Knee Pain in Catchers: A Brief Introduction to Patellofemoral Pain Syndrome by Chris Schattinger M.S., CSCS, CISSN

Of all the sports-related knee injuries we have discussed it would seem as though none occur in baseball. This is obviously not the case If you happened to see what occurred to Bryce Harper this weekend.

Recently one of our followers reached out to us and mentioned that those who are catchers in baseball are “guaranteed to have knee problems”.

If you think about it this seems probable. The excessive amount of time spent in the squatting position certainly places excessive force on the knee.
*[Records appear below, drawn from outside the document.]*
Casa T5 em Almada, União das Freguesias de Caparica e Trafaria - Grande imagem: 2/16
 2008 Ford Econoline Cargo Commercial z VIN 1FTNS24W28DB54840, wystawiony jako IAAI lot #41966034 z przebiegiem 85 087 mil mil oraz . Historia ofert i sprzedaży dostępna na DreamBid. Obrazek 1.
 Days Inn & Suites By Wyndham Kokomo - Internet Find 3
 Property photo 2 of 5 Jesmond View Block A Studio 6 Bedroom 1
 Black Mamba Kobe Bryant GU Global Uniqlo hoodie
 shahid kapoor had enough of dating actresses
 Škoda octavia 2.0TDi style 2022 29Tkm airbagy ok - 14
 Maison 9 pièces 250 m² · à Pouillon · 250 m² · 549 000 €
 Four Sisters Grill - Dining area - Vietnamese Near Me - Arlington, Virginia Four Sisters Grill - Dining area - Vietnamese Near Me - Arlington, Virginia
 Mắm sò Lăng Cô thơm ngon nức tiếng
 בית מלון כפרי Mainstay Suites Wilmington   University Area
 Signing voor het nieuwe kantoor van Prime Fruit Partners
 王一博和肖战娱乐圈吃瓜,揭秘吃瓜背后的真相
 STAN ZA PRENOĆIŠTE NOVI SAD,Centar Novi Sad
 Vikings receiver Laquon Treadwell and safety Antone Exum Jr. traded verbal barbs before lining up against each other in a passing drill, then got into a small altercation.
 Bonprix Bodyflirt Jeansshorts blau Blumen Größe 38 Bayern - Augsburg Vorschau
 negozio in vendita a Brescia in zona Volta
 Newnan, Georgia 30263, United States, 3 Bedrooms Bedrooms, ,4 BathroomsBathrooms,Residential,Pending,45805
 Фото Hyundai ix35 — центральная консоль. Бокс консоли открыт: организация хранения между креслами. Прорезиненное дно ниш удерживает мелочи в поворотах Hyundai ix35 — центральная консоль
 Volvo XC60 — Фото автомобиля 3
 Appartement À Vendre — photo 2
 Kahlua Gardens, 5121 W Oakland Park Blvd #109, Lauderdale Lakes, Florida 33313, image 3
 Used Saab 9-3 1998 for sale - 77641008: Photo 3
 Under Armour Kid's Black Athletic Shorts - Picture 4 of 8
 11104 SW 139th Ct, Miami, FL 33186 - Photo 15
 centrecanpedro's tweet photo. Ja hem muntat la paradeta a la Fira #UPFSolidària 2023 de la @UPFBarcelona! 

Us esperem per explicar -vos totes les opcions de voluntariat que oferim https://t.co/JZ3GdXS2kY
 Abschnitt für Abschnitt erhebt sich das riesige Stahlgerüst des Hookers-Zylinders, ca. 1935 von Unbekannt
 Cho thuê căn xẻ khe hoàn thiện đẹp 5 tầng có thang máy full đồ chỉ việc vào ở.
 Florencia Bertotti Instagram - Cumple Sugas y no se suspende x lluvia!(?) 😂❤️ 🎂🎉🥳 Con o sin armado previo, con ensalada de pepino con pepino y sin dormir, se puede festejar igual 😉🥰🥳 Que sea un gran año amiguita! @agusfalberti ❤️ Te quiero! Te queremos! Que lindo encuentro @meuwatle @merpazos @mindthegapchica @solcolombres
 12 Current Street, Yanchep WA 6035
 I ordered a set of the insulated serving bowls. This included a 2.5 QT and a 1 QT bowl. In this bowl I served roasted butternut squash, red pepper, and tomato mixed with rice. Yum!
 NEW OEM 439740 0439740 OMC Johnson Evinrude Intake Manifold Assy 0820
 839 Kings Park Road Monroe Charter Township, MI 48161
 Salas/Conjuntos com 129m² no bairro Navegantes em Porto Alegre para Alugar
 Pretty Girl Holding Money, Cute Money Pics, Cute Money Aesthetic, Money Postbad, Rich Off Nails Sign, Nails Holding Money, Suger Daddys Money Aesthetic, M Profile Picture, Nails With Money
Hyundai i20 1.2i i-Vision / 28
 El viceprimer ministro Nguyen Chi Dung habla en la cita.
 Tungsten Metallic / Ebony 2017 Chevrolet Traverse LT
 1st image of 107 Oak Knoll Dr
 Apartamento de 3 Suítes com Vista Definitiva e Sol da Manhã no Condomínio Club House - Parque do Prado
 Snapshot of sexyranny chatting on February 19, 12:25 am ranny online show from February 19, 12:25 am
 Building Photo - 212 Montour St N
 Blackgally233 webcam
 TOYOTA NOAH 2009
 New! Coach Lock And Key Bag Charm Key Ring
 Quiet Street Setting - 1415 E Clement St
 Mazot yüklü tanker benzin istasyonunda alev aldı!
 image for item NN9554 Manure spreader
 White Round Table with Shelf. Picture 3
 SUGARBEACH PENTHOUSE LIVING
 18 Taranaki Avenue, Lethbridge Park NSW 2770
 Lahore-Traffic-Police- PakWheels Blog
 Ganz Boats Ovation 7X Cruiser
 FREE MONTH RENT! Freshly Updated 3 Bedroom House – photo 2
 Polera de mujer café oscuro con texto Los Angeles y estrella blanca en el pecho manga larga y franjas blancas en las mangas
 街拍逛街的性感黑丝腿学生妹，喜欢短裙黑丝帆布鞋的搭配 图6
After a few quick searches the term “Patellofemoral Pain Syndrome (PFPS)” came to light. Simply put this is pain that occurs at the meeting of the knee cap and femur, even more commonly referred to as “anterior knee pain”.

This diagnosis is given when all other causes of knee pain have been ruled out, this including ligament injuries and other chronic conditions.

Overuse is believed to be one of the main causes of PFPS though a sole cause has yet to be identified.

Going on this tangent it is understandable how this can become a chronic issue in baseball catchers. The picture below can help to visualize this.

Force on the knee changes from standing to squatting position.

Force on the knee changes from standing to squatting position.

When in the standing position your body pushes down on the ground and is opposed by the same force pushing up. The same applies in the squatting position however now all the pressure is fixated on the knee.

So, if someone has been a catcher for many years imagine how much longer that person’s knees are under excessive force as opposed to average Joe.

Taking that into consideration it becomes plausible that, at the very least, catchers are susceptible to PFPS.